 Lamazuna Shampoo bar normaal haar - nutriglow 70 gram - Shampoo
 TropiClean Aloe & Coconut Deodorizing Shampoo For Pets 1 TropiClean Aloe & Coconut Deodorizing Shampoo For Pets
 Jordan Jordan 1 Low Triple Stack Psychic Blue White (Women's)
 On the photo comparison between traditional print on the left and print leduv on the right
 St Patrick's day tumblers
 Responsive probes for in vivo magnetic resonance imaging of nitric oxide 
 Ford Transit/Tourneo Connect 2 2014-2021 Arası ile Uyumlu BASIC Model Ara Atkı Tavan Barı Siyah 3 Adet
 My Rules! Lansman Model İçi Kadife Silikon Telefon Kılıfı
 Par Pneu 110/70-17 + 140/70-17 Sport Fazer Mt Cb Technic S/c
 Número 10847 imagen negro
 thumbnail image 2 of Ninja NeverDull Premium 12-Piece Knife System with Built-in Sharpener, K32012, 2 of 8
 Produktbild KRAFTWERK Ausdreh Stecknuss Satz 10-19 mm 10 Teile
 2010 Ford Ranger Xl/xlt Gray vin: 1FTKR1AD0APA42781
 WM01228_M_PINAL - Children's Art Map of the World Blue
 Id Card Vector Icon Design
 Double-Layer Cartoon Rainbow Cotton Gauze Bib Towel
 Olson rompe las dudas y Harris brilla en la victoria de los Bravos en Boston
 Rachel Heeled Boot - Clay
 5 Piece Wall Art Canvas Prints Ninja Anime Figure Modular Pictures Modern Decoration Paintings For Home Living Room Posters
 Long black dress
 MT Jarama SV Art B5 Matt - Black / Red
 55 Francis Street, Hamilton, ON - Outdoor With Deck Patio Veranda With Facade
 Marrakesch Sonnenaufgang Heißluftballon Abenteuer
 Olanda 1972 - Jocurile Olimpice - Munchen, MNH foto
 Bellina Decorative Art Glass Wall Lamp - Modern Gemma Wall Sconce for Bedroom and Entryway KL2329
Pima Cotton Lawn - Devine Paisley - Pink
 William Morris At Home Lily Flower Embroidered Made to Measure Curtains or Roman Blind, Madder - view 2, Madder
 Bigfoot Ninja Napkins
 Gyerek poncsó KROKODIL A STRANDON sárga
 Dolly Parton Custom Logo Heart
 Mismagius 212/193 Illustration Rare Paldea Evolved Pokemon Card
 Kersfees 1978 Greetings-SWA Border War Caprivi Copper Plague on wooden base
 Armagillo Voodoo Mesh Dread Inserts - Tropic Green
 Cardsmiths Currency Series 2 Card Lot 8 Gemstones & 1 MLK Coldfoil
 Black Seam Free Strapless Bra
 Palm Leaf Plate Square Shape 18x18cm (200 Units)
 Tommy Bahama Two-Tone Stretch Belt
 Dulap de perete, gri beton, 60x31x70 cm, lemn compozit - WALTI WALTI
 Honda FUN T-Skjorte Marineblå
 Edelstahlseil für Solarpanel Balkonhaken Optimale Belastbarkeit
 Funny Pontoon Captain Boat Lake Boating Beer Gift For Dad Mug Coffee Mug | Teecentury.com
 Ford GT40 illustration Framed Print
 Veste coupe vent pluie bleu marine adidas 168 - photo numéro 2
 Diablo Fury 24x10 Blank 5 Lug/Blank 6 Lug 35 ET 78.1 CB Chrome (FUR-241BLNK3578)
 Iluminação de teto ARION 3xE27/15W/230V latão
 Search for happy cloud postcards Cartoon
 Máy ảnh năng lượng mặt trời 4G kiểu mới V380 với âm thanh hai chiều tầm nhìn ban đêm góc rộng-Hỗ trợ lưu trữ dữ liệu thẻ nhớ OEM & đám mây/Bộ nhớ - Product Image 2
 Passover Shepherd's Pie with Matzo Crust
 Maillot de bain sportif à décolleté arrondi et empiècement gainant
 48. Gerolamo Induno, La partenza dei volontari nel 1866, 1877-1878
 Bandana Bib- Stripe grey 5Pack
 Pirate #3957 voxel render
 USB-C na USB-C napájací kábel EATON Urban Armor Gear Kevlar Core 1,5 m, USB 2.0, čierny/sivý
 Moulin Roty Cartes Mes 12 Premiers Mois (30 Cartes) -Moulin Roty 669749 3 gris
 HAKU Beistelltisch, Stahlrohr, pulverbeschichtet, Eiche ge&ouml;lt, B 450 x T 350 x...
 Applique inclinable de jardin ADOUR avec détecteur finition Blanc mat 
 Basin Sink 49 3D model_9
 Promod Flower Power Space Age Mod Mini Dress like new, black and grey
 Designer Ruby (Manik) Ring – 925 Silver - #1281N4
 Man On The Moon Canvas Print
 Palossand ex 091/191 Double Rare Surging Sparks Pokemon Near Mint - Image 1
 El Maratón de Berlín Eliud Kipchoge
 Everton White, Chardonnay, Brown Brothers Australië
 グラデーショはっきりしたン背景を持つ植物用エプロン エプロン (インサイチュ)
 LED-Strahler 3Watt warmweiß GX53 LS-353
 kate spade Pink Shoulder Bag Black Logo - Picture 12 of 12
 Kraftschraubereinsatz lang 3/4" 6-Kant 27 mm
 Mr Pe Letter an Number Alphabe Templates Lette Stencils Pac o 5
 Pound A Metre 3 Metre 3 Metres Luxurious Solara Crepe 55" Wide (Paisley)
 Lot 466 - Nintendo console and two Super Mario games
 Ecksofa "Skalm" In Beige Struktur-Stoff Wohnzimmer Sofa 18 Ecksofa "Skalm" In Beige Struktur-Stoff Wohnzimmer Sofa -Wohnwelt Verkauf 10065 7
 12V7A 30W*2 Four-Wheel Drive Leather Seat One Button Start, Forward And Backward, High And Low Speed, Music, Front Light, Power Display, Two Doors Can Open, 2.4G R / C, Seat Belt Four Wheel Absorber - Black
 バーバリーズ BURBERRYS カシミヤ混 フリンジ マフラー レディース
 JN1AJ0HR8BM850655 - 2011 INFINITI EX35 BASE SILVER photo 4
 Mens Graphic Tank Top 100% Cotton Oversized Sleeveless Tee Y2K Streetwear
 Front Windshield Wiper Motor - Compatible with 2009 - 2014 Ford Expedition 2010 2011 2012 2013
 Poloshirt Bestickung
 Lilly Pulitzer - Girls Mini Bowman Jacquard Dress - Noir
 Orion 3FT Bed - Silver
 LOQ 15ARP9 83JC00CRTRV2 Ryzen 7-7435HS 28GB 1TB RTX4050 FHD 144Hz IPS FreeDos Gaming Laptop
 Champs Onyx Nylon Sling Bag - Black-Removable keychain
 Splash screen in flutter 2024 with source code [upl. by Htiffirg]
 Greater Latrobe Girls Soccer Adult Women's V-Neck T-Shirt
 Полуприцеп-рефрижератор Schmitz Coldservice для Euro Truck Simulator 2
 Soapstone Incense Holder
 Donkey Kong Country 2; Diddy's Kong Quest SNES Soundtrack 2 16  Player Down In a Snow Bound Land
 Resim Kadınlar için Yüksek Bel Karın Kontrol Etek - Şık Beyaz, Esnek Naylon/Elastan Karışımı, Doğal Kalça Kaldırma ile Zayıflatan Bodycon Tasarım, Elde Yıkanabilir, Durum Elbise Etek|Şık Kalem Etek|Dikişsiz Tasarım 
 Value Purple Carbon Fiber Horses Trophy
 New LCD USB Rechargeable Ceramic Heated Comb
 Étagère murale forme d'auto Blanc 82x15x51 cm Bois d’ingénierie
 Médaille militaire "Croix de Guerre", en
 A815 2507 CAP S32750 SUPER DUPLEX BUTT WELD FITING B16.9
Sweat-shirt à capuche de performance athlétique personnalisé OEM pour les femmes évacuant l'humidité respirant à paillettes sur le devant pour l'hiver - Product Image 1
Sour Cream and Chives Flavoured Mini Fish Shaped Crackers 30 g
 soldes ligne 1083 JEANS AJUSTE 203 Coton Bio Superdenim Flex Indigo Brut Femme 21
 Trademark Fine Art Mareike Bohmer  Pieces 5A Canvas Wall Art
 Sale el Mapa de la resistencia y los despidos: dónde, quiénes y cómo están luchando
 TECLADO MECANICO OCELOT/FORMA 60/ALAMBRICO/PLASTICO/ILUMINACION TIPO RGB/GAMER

■ **What needs to be done**: Only a number is wanted. Count the lines of the data that contain "Modern".

■ **Expected output**: 2